Wenn das deine Beweiskette ist, dann gute Nacht, Aufklärung.
„Meine Konten funktionieren, der Zahlungsverkehr läuft.“
Und was genau soll das belegen? Wenn deine persönliche SIM-Karte funktioniert, heißt das nicht, dass die zigtausend Prepaid-Karten, die in Scam-Zentren verwendet wurden, ebenfalls ungestört weiterlaufen. Das ist, mit Verlaub, eine anekdotische Scheinargumentation.
„Der Gedanke, dass Thailand das kambodschanische Telefonnetz über die Ausgabe von SIM-Karten kontrolliert oder auch nur beeinflusst, ist einfach idiotisch.“
Niemand behauptet, dass Thailand das gesamte kambodschanische Netz kontrolliert. Aber: Die Callcenter riefen mit thailändischen Nummern an, über Netze, die physisch und vertraglich von Thailand aus liefen. Und genau dort hat man angesetzt – mit einer Kappung der Internetverbindungen, der SIM-Nachverfolgung und Kontrollen an der Grenze. [Quelle u. a. Bangkok Post, ThaiPBS, East Asia Forum.]
'Der Strom ist auch noch da.“
Dass Strom (noch) fließt, ändert nichts daran, dass die Drohung im Raum stand – inklusive konkreter diplomatischer Schritte, wie sie öffentlich durch die Regierung kommuniziert wurden. Auch das ist dokumentiert. Thailand spielt die Druckmittel aus – dosiert, aber sichtbar.

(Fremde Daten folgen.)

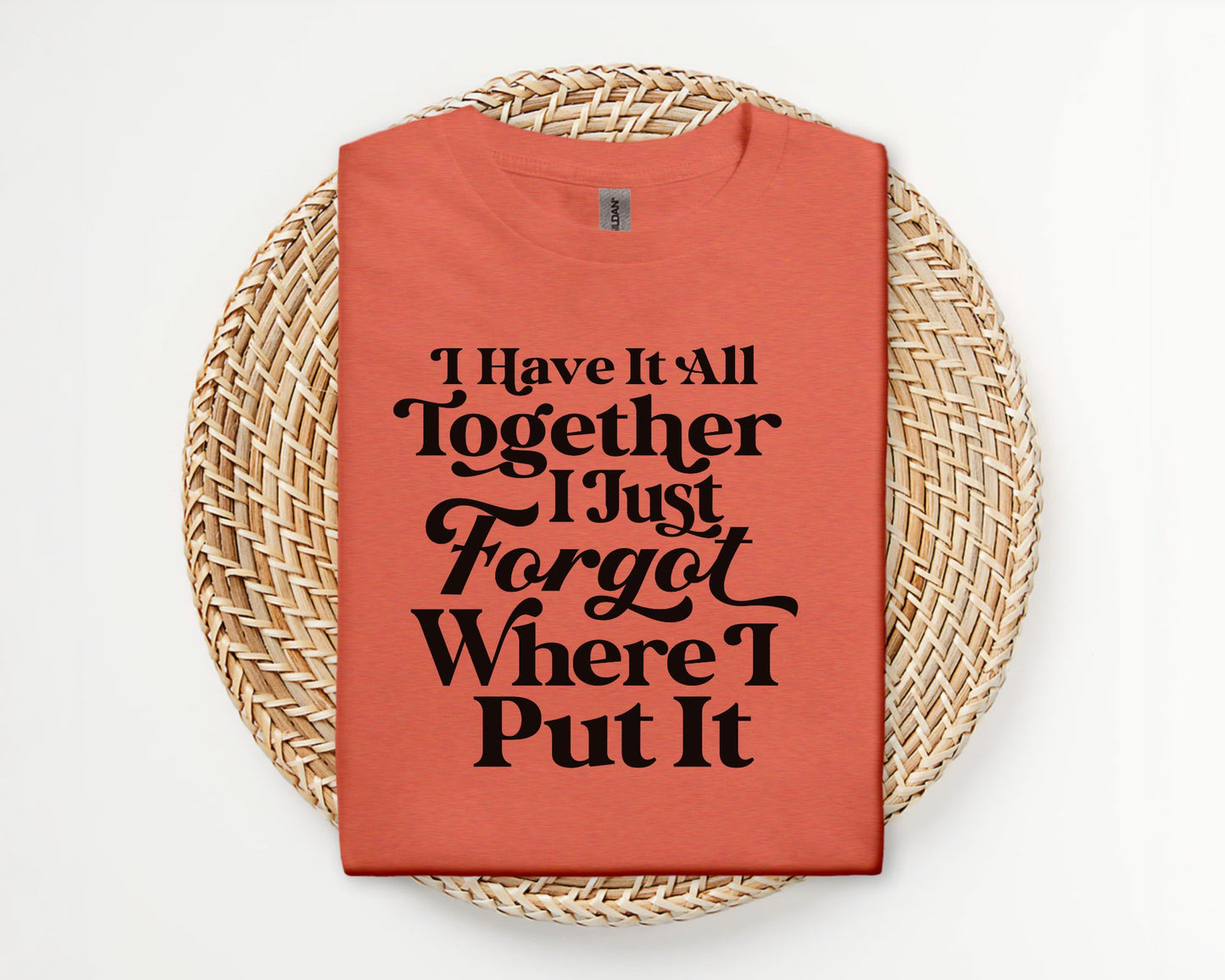 I have it all together - T-shirt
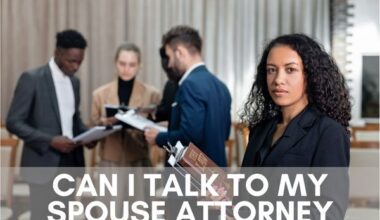 Can I Talk To My Spouse Attorney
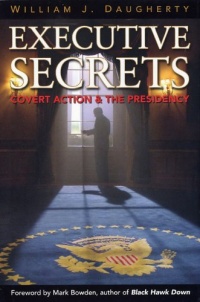 Executive Secrets: Covert Action and the Presidency Executive Secrets: Covert Action and the Presidency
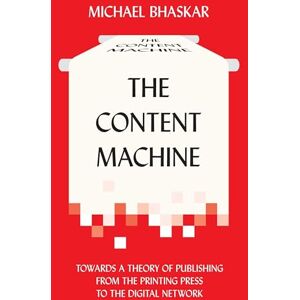 Bhaskar, Michael The Content Machine: Towards a Theory of Publishing from the Printing Press to the Digital Network (Anthem Publishing Studies) Bhaskar, Michael The Content Machine: Towards a Theory of Publishing from the Printing Press to the Digital Network (Anthem Publishing Studies)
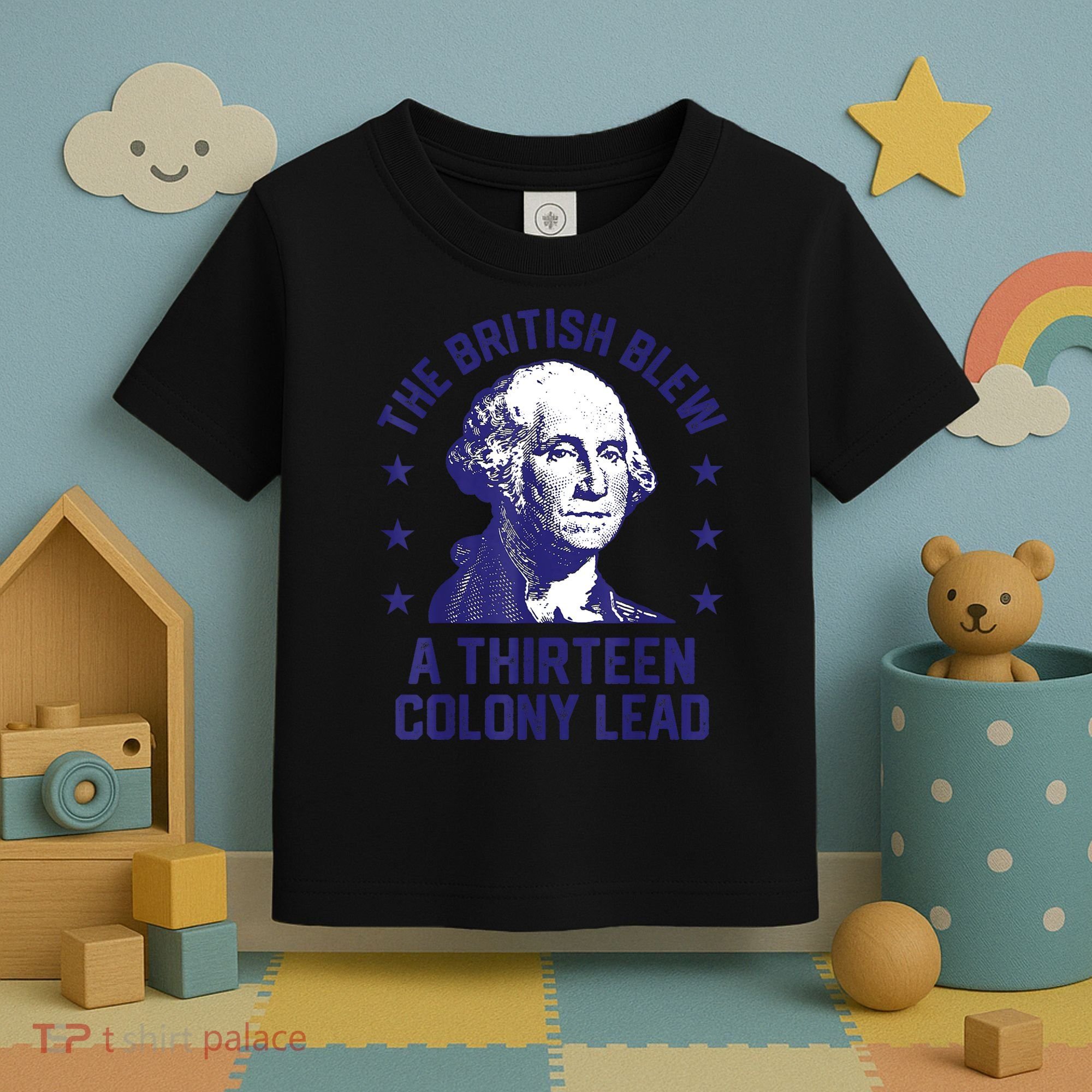 The British Blew A 13 Colony Lead Retro Us George Washington Toddler T-Shirt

Also diese idiotischen Behauptungen sind etwas für Gemüter, die so etwas glauben wollen.“
Die Maßnahmen wurden öffentlich gemacht, durch Medien bestätigt, und in Teilen bereits umgesetzt. Wer daran zweifelt, müsste belastbare Gegenevidenz liefern – nicht persönliche Eindrücke und Spekulationen. Es geht hier um faktenbasierte Bewertung, nicht um Bauchgefühl oder Lokalpatriotismus.
Fazit:
Die thailändische Regierung hat – mit Rückendeckung höchster politischer Stellen – die Bekämpfung der Scam-Industrie zur Priorität erklärt. Und wer die Familie Shinawatra kennt, weiß: Wenn etwas zur Chefsache wird, dann mit Nachdruck. Hun Sen weiß das übrigens auch.
Vielleicht konzentrierst du dich künftig wieder auf das Zitieren von Presseartikeln – darin bist du wirklich gut. Bei eigenen Einschätzungen hingegen wirkt es leider zunehmend dünn.